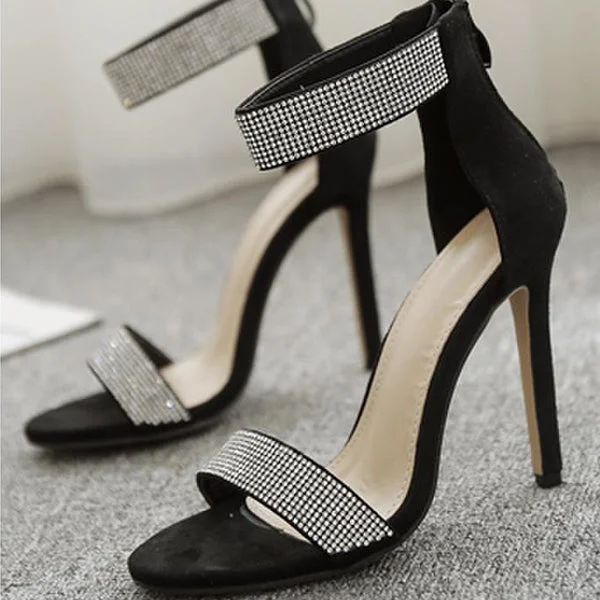 2022 Luxury Rhinestone Women Sandals Sexy Bling Crystal High Heel Women Sandals Elegant Party Shoes Women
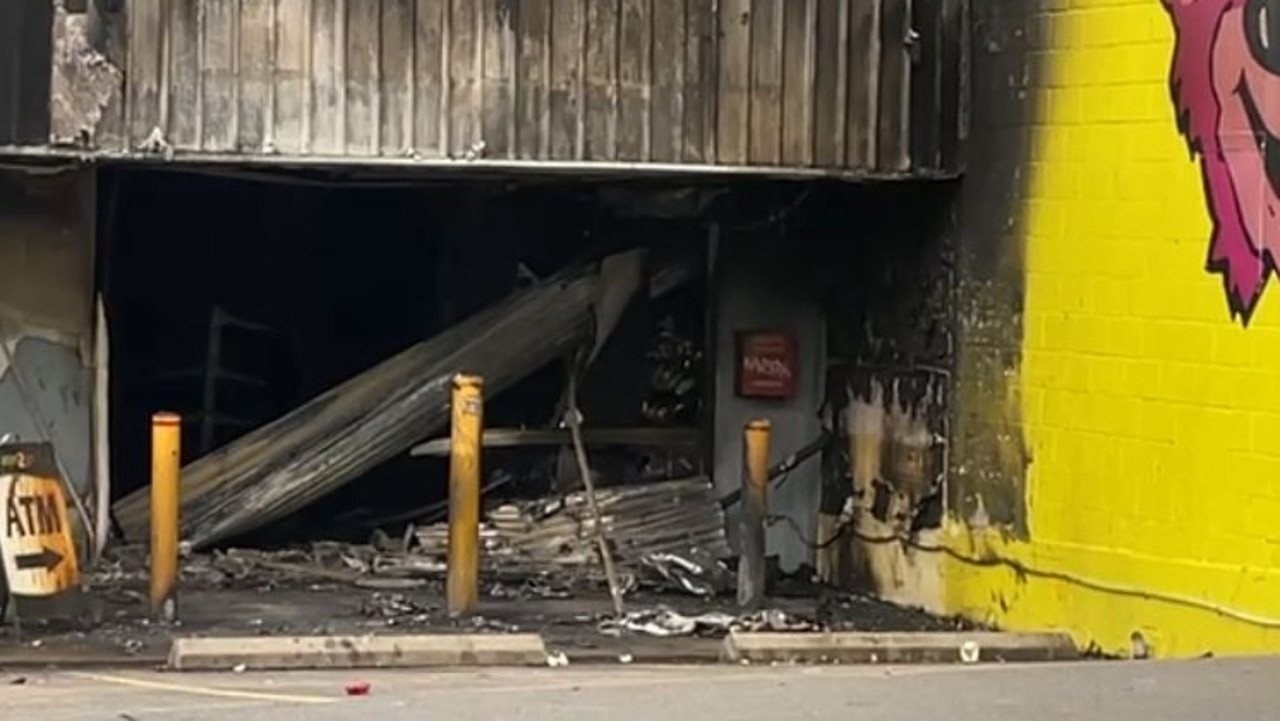 A Browns Plains tobacco shop has been destroyed in what police have deemed a suspicious fire. Picture: Iwan Jones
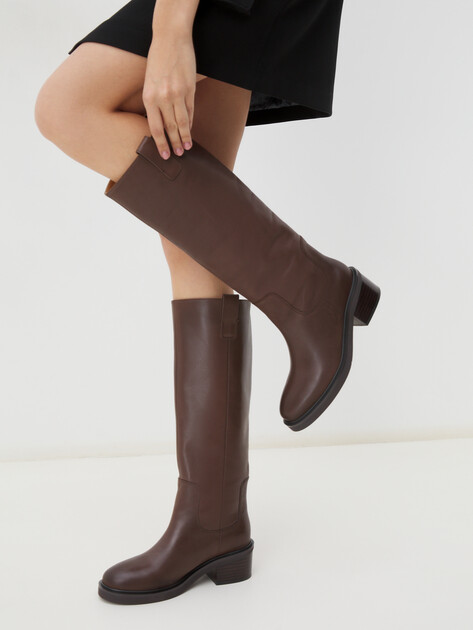 Женские сапоги TENDANCE, Артикул GLC5585-01, темно-коричневый | 4101012. Ракурс 2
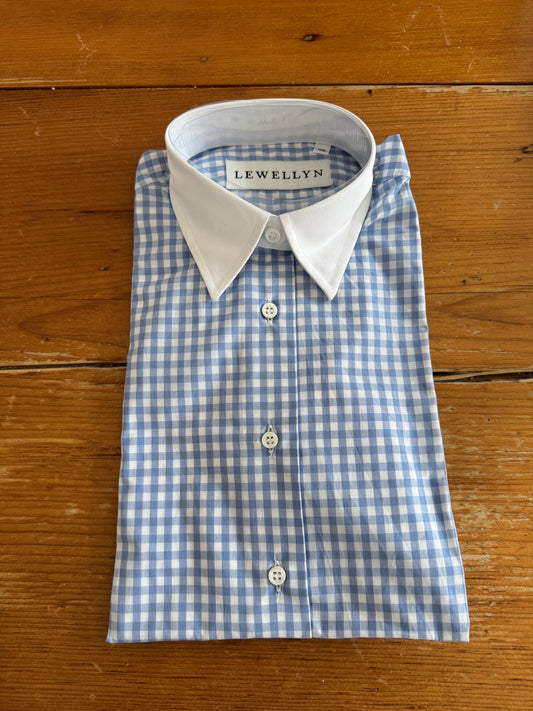 The Jackie Button Down in Blue Gingham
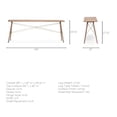 thumbnail image 3 of Medium Brown Wooden Console Table With 4 Angular Legs, 3 of 3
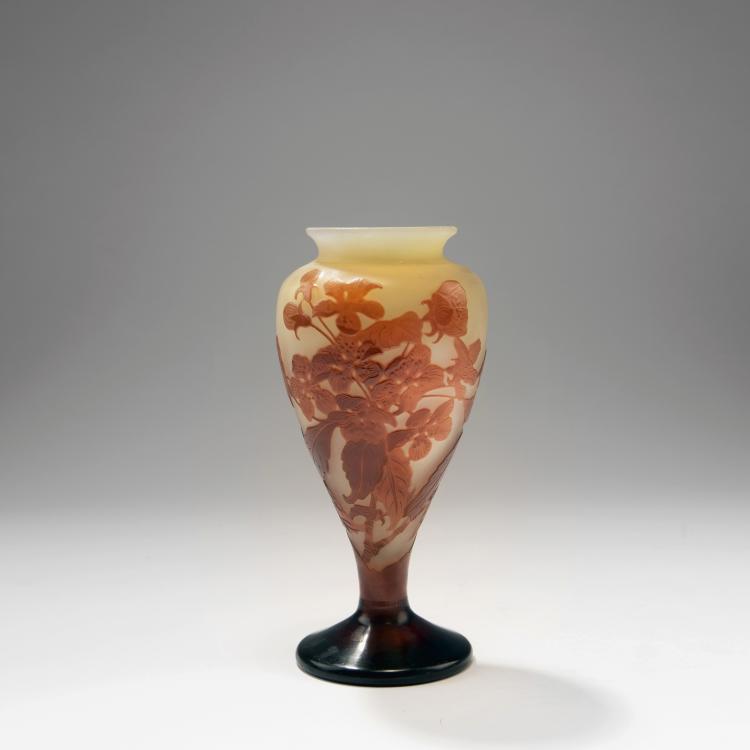 Hauptbild zu Objekt, Vase 'Fleurs de cerisier', 1908-18, Gall&eacute;, Etablissements, Nancy, 150B 201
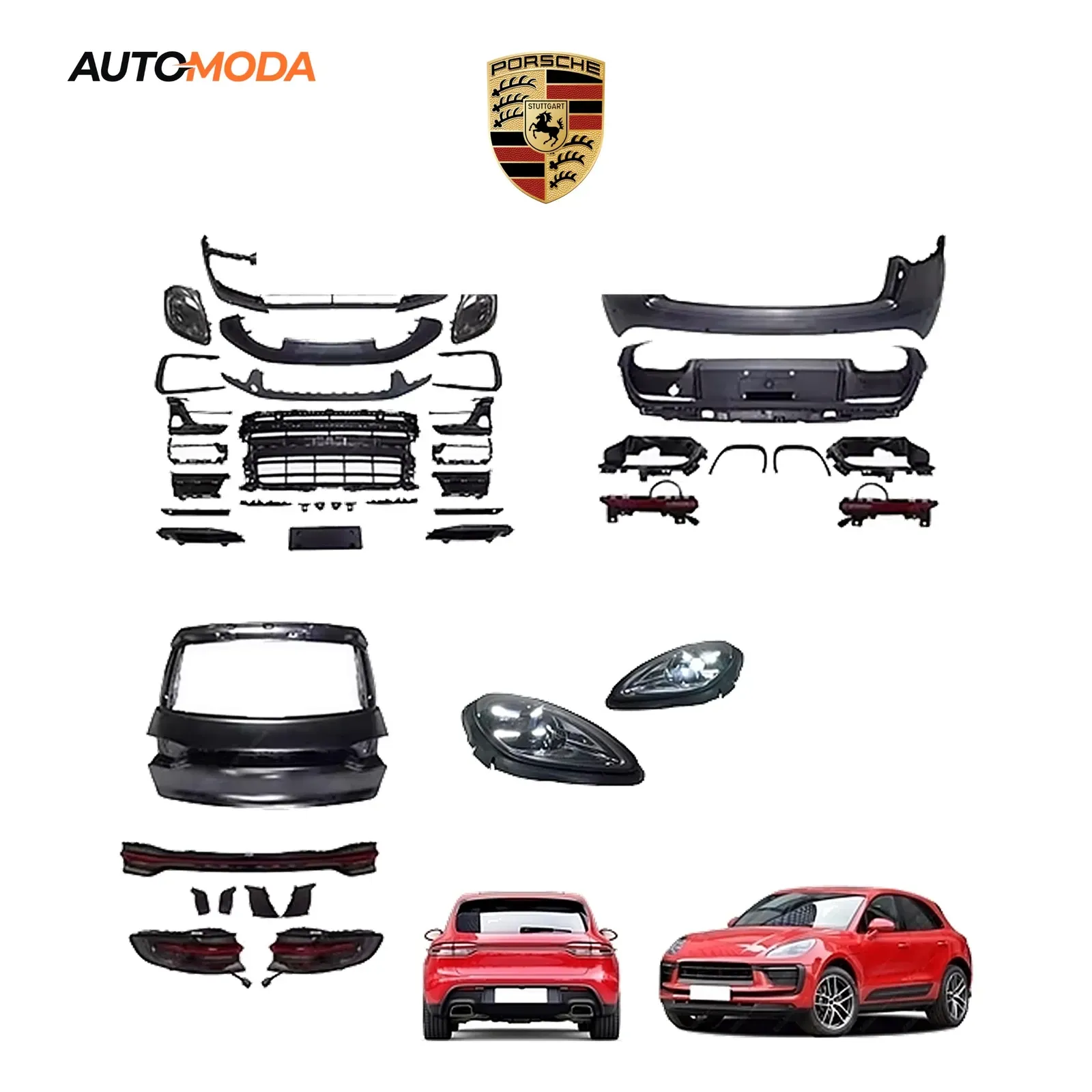 Porsche Macan body kit (konverzija 2014 - 2019 u 2019 - 2025)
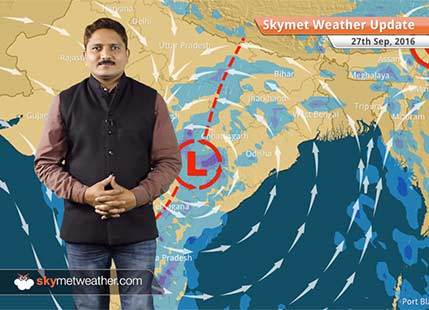 Weather Forecast for Sep 27: Good Monsoon rains to continue over East India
========================================================================
* Problem statement:
The copy you write must hold every record verbatim and none of the pictures.

* Response area:
 2022 Luxury Rhinestone Women Sandals Sexy Bling Crystal High Heel Women Sandals Elegant Party Shoes Women
 A Browns Plains tobacco shop has been destroyed in what police have deemed a suspicious fire. Picture: Iwan Jones
 Женские сапоги TENDANCE, Артикул GLC5585-01, темно-коричневый | 4101012. Ракурс 2
 The Jackie Button Down in Blue Gingham
 thumbnail image 3 of Medium Brown Wooden Console Table With 4 Angular Legs, 3 of 3
 Hauptbild zu Objekt, Vase 'Fleurs de cerisier', 1908-18, Gall&eacute;, Etablissements, Nancy, 150B 201
 Porsche Macan body kit (konverzija 2014 - 2019 u 2019 - 2025)
 Weather Forecast for Sep 27: Good Monsoon rains to continue over East India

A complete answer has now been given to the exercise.